Sometimes we can’t duplicate in English the literary depth of the Biblical writers.
Bible translators have their challenges. How do you put into English a pun in the original Hebrew or a Greek word with a double meaning? That may be impossible. The English translation necessarily loses something of the cleverness or depth of the original Hebrew or Greek. Let me illustrate with three examples.
In Amos 8:1-3, the prophet pronounces God’s doom upon the kingdom of Israel. The proclamation opens with the lines:
This is what the LORD God showed me–a basket of summer fruit.
He said, “Amos, what do you see?”
And I said, “A basket of summer fruit.”
Then the word from God goes on:
“The end has come upon my people Israel;
I will never again pass them by.
The songs of the temple shall become wailings in that day,” says the Lord GOD;
“the dead bodies shall be many,
cast out in every place. Be silent!”
What logical connection does summer fruit have with the end of the kingdom? You would never catch it in an English translation. In the Hebrew the connection hinges on a pun. The Hebrew word for summer fruit is qayits, for end is qets.
Missing the pun is not going to undermine the theological message of the oracle. But the English reader is going to miss the pun. As a result we don’t appreciate how clever the prophet–or God–has been in making his message memorable. (We must always remember that prophetic utterances were given orally. Listeners preserved them by memorization.) It helps us understand how the Biblical writers are not just great theologians, but also great communicators.
Double Meanings in the Dialogue with Nicodemus
Equally challenging is translating words that have double meanings, and the author may deliberately intend that both meanings apply to his message. There are two outstanding examples in the gospels.
In the famous dialogue scene between Jesus and Nicodemus in John 3:1-21, Jesus says to Nicodemus: Very truly, I tell you, no one can see the kingdom of God without being born anothen. This Greek word anothen has a dual meaning. It can mean anew or again. If the translator chooses this meaning, then we get the translation of John 3:7 so hallowed in Evangelical church circles: Ye must be born again (King James Version).
Anothen, however, has an alternative meaning: from above. If the translator opts for this meaning, then John 3:7 reads in the New Revised Standard Version: You must be born from above. No English translation can convey both meanings at the same time as the Greek does.

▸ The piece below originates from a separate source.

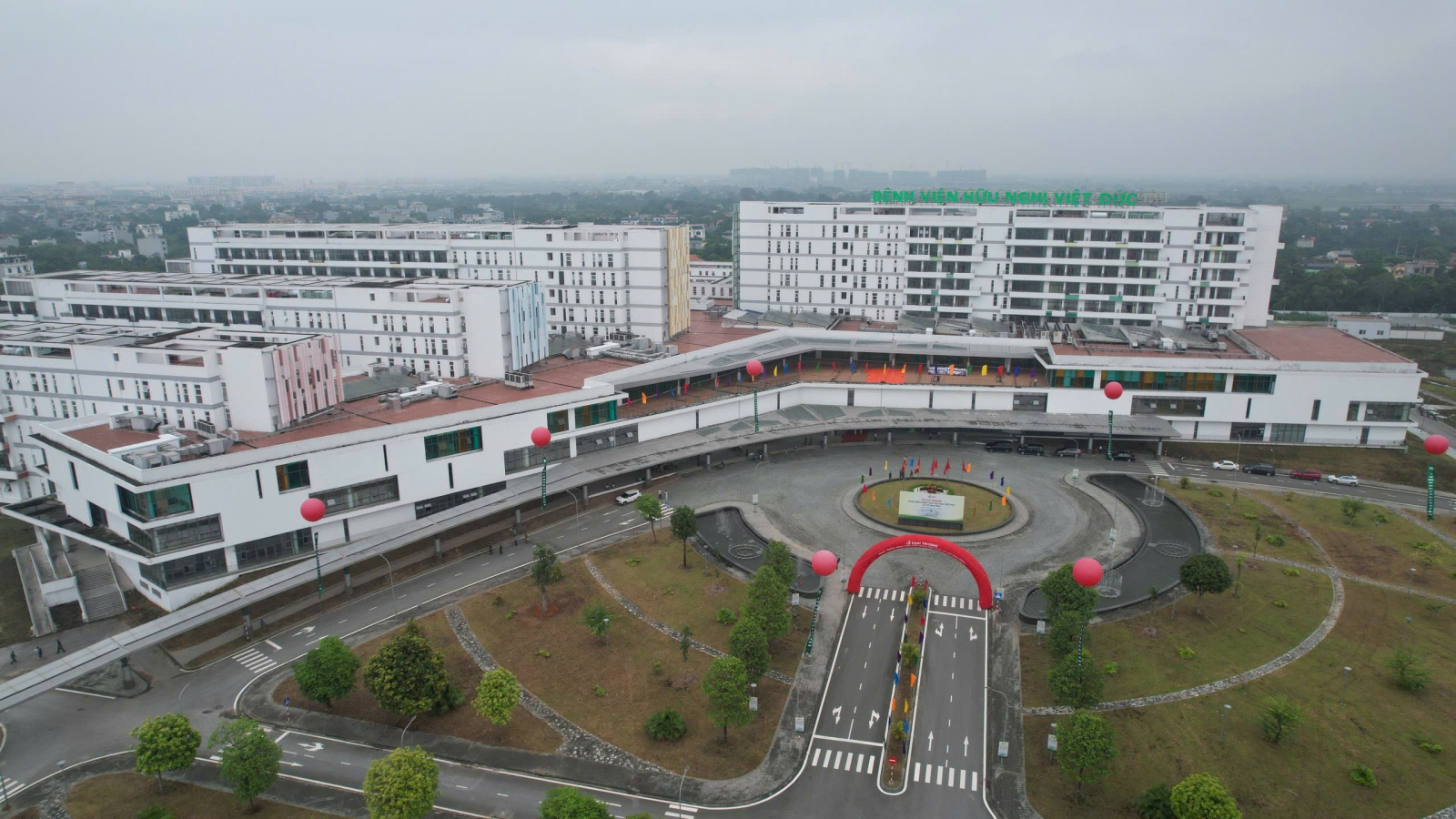 Khai trương Bệnh viện Việt Đức cơ sở Ninh Bình, người dân phấn khởi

The Greek text seems to be purposely ambiguous because Jesus wants to hold both meanings together in his discussion of spiritual rebirth. The rebirth of which he speaks is not just a second birth, but a birth that is effected by the Holy Spirit.
If you are going to understand Jesus’ teaching, you must hold both meanings together. But there is no English word that holds those two meanings together like the Greek anothen. The translator must choose one translation over the other, thus risking watering down the fullness of what Jesus is saying.
Two Dimensions of the Kingdom of God
Another saying of Jesus also hinges on the word he uses having a double meaning. This occurs in a passage where Jesus is responding to the Pharisees and their question when the kingdom of God is coming (Luke 17:20-21). Jesus responds:
The kingdom of God is not coming with things that can be observed; nor will they say, ‘Look, here it is!’ or ‘There it is!’ For, in fact, the kingdom of God is among you.
A critical Greek word with a double meaning appears in the last sentence. The translators of the New Revised Standard Version translate it as among. The Greek word is entos. And it can indeed mean among. The NRSV translators probably translated it that way because the you in the sentence is plural in the Greek. This gives a strong communal cast to Jesus’ saying.
But entos can also mean within. If a translator chooses this translation (as does the King James Version), he is giving Jesus’ saying a more interior cast. Jesus is saying that the kingdom of God is to be found within yourselves. Here the focus is more on the believer’s inner disposition.
Once again the use of the Greek entos with its dual meaning seems to be deliberate. For a full understanding of Jesus’ teaching on the Kingdom of God means we must perceive both its inner psychological and its communal dimensions.
The call to enter the Kingdom is a call to an inner journey, a journey that will take us deep into spiritual practices and disciplines. But the call to enter the Kingdom will also call us out of our individual selves into working for and living in the renewed society that is noted by its qualities of harmony, service, and peace. The inner journey and the outer journey must go hand in hand if we are to enter fully into that earthly, yet simultaneously transcendent reality that Jesus calls the Kingdom of God.
But how is a translator to hold on to both meanings in an English translation? It’s probably impossible. That’s why responsible translations will alert their readers to the alternate translations in a footnote (as does the NRSV). But it takes a reader paying close attention to footnotes if he or she is to grasp the richness of the Biblical text. Bible study takes work.
A cautionary note: The two examples I give of the double meanings to words Jesus uses applies to the Greek words in which the gospels are written. Jesus, however, presumably spoke Aramaic when he taught. Could the same double meanings be duplicated in the Aramaic vocabulary he used? I don’t know Aramaic, but I would hazard a guess that the answer is probably not. This highlights the critical importance of the Greek language as a vehicle of revelation in the writing of the gospels.